▶ [Crawled caption data]:
· · · ·
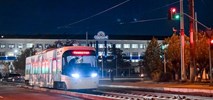 Niespodziewany renesans tramwaju w Temyrtau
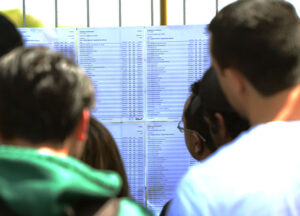 Leia mais sobre o artigo Reconvocação por Falha de Notificação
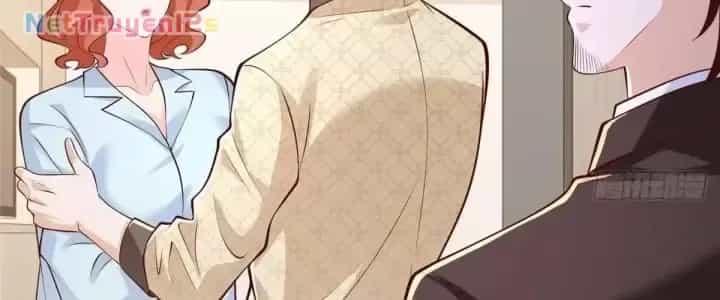 Mỗi Tuần Ta Có Một Nghề Nghiệp Mới - Chương 916 - ảnh 159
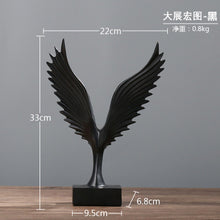 244ec386377aa850d814c6c05e511044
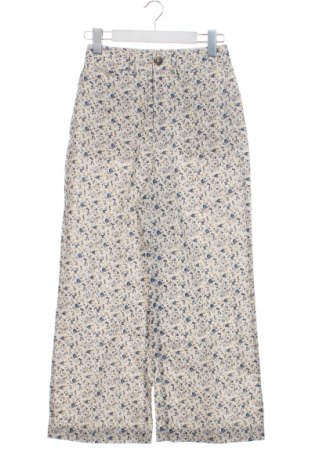 Damenhose Mango, Größe XS, Farbe Mehrfarbig, Preis 39,00 €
· · · ·
▶ [Work instruction]:
Set down the records exactly, without the pictures.

▶ [Answer box]:
 Niespodziewany renesans tramwaju w Temyrtau
 Leia mais sobre o artigo Reconvocação por Falha de Notificação
 Mỗi Tuần Ta Có Một Nghề Nghiệp Mới - Chương 916 - ảnh 159
 244ec386377aa850d814c6c05e511044
 Damenhose Mango, Größe XS, Farbe Mehrfarbig, Preis 39,00 €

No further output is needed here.